Rest easy: What is in front of you is almost certainly not just a hologram projection. Alright, I'll back up a little bit: As a result of a gravitational wave experiment called the GEO600, Craig Hogan, a particle astrophysicist at Fermilab in Ill., thought the universe might be a projection. A 2009 piece in New Scientist detailed the experiment, which found that at very magnified levels the world was sort of pixelated.
Wired wrote a piece back in 2010 about Hogan, who trying to get to the bottom of his theory by building the world's most precise clock.
But, as Wired reports today, a European Space Agency observatory that can see things at that small a scale hasn't been able to detect any quantum fuzziness or that pixelation that Hogan based his theory on. So it contradicts what GEO600 found and it's very likely that we are not holograms:
By examining the polarisation of gamma-ray bursts as they reach Earth, we should be able to detect this graininess, as the polarisation of the photons that arrive here is affected by the spacetime that they travel through. The grains should twist them, changing the direction in which they oscillate so that they arrive with the same polarization. Also, higher energy gamma rays should be twisted more than lower ones.

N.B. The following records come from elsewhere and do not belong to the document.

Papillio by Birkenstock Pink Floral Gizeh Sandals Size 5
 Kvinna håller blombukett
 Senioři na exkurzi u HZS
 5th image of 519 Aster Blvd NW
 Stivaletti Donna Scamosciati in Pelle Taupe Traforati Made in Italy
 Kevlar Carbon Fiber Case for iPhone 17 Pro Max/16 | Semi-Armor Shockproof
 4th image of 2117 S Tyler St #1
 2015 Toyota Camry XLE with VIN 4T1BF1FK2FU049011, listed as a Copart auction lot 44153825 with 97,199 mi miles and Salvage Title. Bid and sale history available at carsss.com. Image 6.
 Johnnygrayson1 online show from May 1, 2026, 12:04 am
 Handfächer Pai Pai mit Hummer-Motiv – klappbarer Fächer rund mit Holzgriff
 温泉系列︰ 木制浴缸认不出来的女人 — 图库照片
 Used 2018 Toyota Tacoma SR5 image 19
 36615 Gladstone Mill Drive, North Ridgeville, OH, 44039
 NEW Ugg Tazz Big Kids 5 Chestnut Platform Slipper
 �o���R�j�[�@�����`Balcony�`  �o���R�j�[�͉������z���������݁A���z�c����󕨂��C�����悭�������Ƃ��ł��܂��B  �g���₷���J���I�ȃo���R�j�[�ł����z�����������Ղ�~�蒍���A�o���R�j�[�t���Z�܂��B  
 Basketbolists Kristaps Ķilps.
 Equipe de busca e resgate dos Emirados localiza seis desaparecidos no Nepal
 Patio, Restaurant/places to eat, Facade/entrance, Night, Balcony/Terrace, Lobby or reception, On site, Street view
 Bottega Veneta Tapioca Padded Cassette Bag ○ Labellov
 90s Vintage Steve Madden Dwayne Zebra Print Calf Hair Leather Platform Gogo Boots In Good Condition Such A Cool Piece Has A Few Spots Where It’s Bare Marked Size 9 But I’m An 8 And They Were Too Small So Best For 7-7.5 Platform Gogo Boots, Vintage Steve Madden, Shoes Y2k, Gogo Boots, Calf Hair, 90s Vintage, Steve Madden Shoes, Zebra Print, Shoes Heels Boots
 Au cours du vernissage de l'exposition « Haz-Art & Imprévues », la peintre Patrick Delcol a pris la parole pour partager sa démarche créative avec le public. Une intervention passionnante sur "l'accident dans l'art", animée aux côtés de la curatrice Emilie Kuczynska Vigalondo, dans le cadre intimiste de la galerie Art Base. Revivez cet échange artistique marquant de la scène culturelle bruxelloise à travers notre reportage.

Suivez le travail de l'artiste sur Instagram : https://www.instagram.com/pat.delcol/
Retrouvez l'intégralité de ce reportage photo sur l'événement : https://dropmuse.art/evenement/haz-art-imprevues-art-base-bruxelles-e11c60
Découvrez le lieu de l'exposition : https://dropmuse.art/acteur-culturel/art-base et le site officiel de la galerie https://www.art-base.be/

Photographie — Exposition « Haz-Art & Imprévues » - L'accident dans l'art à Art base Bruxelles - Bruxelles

However, the satellite detected no such twisting — there were no differences in the polarization between different energies found to the accuracy limits of the data, which are 10,000 times better than any previous readings. That means that any quantum grains that exist would have to measure 10^-48 meters or smaller.
In the European Space Agency press release, Philippe Laurent said the find "ruled out some string theories and quantum loop gravity theories."